# how long should the arrow be



## jellyroll (Dec 2, 2007)

I need some advice on arrow length. I have an opportunity to buy some carbon express 6075 Terminator lite arrows at a good price 1.50 each, there brand new with fletchings, noc and inserts installed. There 31" long. First is that a good deal? Ive checked some charts and they seam to say they will work, But I'm new at archery. I'm shooting a PSE Nova hunter S8 it's set at 60lbs and 29" draw length.


----------



## archeryshooter (Apr 11, 2004)

They should work just fine, thats a pretty good price too!They should be plenty long.


----------



## fletched (May 10, 2006)

Once you get your bow set up and your draw length properly adjusted, put an arrow on the bow and draw it back.
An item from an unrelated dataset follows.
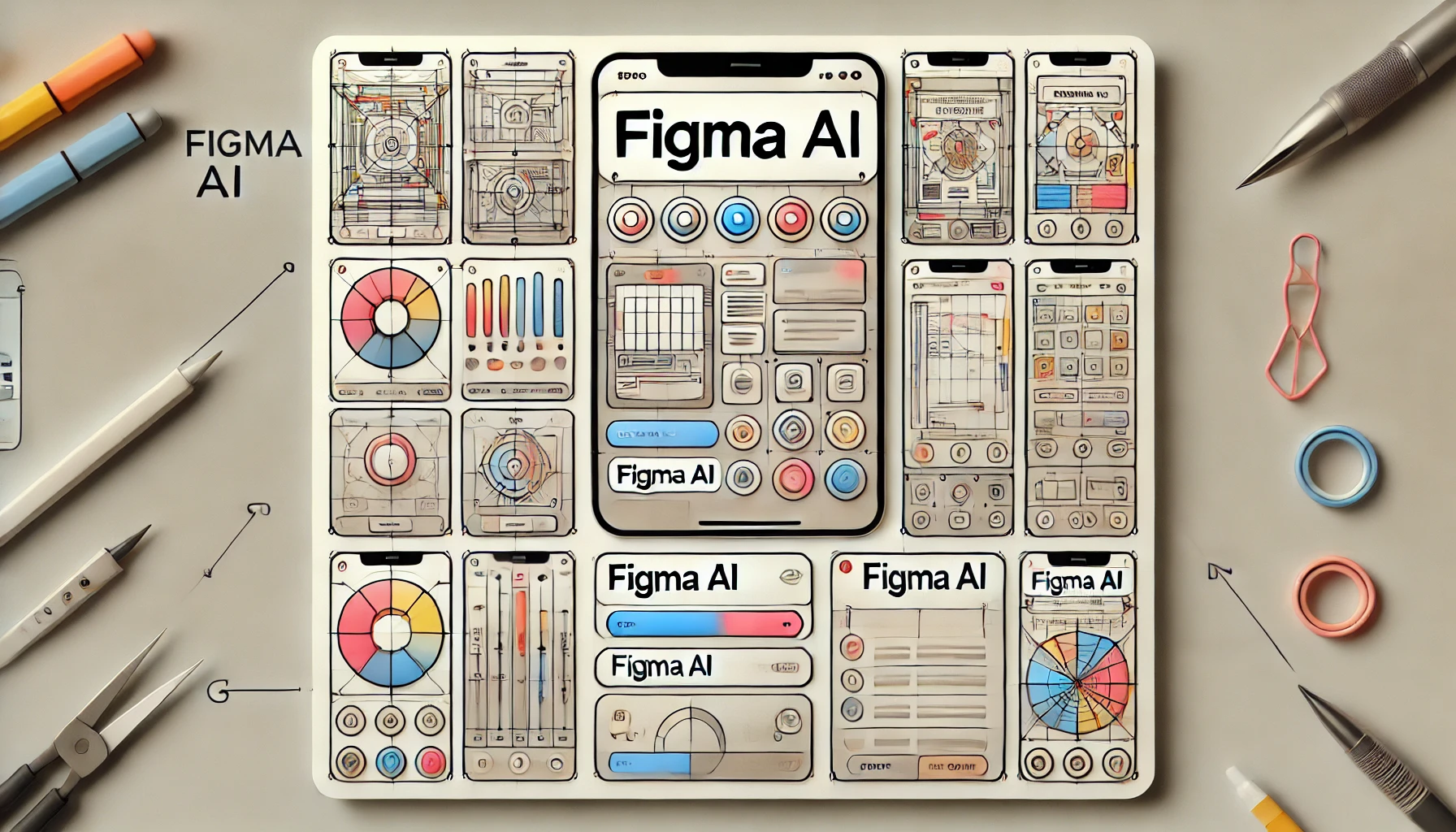 Figma AI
Have someone to mark it about 1" infront of the rest. Your arrow length will usually be 1" to 1 1/2" shorter than you draw length.


----------



## nuts&bolts (Mar 25, 2005)

jellyroll said:


> I need some advice on arrow length. I have an opportunity to buy some carbon express 6075 Terminator lite arrows at a good price 1.50 each, there brand new with fletchings, noc and inserts installed. There 31" long. First is that a good deal? Ive checked some charts and they seam to say they will work, But I'm new at archery. I'm shooting a PSE Nova hunter S8 it's set at 60lbs and 29" draw length.


jellyroll:

A long skinny stick with a 1 pound weight is going to be very flexible.

Same skinny stick, but half as long
with the same 1 lb weight is going to be much much stiffer.


Arrows are no different.

If the arrow shaft is too long,
then your arrow will behave too weak.

If the arrow shaft is too short,
then your arrow is going to behave too stiff.
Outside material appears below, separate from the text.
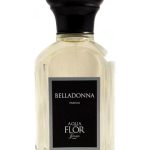 عطر ادکلن بِلادونا آکوآفلور فلورنس - Belladonna Aquaflor Firenze - بررسی، قیمت و خرید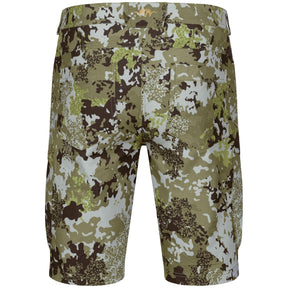 Pantalón corto BLASER HunTec AirFlow Camo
Gotta match the stiffness of the arrow
to the draw weight and draw length of your bow.

When the stiffness of the arrow is perfectly matched
to the energy produced by your bow, then the arrows fly where you want.


www.pinwheelsoftware.com

OnTarget2! archery software.

Very easy to use.



Ideally, have these arrows cut.

If not, then have the inserts glued in,
and use 100 grain inserts.

You did not mention the size of the vanes,
so I assumed Blazer vanes.


If you drop the draw weight down to 53 lbs,
these arrows should work ok for you.


----------